** Opening Data shown block **
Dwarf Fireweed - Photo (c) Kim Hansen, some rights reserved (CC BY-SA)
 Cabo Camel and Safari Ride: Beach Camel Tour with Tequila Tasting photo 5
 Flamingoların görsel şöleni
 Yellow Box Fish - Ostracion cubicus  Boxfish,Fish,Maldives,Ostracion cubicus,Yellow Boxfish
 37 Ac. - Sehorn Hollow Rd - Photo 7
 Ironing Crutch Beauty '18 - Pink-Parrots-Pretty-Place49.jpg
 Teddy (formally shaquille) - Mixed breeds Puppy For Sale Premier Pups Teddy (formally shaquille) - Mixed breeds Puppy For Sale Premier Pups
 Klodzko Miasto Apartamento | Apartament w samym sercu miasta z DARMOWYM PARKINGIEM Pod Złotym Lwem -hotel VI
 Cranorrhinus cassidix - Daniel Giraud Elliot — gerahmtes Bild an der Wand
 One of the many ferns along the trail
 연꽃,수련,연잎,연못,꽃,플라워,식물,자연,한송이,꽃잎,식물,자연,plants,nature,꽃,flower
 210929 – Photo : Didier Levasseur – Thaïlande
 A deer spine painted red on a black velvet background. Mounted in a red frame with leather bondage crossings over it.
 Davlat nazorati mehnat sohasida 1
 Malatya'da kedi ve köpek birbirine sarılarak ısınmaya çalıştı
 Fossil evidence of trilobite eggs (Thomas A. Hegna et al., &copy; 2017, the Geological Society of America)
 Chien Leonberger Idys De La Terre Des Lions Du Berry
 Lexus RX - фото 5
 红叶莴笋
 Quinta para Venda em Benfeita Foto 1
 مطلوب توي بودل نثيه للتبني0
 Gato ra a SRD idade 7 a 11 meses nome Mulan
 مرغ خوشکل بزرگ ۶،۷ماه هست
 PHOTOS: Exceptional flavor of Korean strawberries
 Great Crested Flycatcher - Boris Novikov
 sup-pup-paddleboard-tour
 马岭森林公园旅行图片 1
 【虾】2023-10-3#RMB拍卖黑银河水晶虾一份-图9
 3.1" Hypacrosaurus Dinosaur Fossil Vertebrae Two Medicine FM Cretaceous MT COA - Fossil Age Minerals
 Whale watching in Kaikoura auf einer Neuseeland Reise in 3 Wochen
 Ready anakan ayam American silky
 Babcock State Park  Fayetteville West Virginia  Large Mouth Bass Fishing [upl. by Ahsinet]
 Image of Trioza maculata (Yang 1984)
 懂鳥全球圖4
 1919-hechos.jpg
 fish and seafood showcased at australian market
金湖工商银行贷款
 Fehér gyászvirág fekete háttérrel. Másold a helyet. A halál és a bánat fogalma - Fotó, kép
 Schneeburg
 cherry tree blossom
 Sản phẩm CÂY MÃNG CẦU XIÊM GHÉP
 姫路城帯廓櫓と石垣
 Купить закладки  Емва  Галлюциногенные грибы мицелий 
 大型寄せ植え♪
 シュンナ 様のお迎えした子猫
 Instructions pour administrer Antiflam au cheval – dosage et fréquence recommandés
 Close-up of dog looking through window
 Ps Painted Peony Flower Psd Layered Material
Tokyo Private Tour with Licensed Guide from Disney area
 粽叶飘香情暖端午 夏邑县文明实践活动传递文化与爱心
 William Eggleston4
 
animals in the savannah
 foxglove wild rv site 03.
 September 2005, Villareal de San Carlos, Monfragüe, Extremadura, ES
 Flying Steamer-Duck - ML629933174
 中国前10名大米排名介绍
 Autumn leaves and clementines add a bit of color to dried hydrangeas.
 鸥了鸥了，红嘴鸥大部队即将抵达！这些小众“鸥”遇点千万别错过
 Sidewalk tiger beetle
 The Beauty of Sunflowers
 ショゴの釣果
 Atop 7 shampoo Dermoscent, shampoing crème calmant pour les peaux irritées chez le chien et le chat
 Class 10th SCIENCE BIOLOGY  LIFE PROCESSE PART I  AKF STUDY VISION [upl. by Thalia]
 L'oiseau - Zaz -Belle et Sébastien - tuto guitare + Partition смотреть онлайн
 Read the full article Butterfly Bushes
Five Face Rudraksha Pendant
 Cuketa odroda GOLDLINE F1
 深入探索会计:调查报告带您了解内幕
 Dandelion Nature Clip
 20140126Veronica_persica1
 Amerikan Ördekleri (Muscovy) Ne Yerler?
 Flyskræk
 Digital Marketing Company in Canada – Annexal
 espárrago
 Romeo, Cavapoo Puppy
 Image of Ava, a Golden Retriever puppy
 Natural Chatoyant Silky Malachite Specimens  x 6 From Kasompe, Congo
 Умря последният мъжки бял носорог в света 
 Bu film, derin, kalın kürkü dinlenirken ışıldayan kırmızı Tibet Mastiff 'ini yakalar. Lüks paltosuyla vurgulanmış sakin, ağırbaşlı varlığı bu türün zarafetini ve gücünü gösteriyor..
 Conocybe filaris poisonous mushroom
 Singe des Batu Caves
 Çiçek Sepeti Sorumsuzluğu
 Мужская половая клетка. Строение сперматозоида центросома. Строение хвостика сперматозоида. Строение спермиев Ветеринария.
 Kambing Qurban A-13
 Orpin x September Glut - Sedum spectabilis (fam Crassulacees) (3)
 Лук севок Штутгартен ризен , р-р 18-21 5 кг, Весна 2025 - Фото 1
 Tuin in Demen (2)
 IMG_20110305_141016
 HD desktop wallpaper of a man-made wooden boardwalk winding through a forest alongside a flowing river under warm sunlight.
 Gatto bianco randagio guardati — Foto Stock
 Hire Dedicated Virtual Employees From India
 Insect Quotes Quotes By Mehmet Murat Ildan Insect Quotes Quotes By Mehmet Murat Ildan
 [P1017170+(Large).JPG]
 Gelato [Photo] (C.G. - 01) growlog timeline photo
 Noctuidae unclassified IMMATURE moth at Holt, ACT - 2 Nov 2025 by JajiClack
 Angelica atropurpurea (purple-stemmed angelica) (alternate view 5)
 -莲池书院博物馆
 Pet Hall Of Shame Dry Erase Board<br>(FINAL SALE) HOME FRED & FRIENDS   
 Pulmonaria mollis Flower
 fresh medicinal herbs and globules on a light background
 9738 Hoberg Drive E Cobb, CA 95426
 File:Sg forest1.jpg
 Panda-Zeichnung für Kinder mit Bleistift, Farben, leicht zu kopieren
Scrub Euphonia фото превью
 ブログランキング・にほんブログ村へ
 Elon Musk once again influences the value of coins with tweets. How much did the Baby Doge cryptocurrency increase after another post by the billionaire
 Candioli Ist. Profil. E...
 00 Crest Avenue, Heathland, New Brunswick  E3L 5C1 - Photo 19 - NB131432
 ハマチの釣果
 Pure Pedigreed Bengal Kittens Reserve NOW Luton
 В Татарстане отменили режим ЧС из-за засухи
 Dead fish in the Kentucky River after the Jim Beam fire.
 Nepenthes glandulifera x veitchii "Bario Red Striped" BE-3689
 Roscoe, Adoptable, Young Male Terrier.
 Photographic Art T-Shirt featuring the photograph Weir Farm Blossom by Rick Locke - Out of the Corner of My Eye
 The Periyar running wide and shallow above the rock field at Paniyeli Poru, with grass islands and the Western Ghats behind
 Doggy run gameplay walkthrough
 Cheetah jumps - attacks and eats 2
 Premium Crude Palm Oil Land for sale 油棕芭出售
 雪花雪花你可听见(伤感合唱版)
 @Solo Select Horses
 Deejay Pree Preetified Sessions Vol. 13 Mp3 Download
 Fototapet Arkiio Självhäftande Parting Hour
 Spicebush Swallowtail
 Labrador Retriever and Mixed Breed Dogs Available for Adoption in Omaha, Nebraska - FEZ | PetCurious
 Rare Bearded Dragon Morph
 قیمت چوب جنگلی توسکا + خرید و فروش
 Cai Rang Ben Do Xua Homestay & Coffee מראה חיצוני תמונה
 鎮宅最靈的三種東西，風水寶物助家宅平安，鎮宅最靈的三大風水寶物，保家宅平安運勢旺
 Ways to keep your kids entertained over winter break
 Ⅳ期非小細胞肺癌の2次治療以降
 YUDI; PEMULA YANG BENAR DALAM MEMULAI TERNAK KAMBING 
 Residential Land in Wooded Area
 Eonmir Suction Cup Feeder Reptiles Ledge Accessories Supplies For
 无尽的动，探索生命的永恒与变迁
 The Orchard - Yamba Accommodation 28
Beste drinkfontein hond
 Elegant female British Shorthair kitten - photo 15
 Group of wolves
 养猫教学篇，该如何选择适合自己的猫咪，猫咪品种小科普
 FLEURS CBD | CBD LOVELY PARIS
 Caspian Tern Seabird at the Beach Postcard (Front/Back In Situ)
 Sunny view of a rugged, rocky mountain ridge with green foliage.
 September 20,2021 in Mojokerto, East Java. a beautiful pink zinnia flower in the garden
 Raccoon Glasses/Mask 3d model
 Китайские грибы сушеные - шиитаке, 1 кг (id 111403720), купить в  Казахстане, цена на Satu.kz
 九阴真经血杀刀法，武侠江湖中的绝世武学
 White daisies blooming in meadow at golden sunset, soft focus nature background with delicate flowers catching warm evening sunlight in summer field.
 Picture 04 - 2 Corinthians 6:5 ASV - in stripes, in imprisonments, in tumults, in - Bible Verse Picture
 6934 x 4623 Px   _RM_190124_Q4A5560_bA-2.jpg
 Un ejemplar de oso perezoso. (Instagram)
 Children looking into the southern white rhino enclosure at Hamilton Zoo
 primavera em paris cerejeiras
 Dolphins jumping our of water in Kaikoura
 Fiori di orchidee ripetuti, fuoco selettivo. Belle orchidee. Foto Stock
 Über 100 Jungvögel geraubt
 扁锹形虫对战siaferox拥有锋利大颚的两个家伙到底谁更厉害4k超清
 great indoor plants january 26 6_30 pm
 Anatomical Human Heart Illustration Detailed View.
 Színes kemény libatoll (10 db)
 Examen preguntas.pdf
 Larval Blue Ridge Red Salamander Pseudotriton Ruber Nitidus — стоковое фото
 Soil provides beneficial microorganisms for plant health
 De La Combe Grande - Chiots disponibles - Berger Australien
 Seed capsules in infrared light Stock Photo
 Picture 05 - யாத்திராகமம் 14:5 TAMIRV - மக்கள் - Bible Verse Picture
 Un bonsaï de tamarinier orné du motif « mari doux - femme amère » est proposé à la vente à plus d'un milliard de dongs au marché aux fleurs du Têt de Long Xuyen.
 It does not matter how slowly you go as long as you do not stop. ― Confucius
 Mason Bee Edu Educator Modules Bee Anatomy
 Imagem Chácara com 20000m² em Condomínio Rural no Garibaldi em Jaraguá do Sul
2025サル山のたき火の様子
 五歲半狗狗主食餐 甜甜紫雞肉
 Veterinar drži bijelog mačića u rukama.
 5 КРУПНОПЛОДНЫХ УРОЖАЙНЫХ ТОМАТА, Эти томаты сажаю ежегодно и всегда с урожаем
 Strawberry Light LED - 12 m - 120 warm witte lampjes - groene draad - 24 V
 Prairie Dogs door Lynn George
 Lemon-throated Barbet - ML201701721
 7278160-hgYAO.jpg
** Closing Data shown block **
Using the data above, say how many lines include "with". No other reply is needed.

7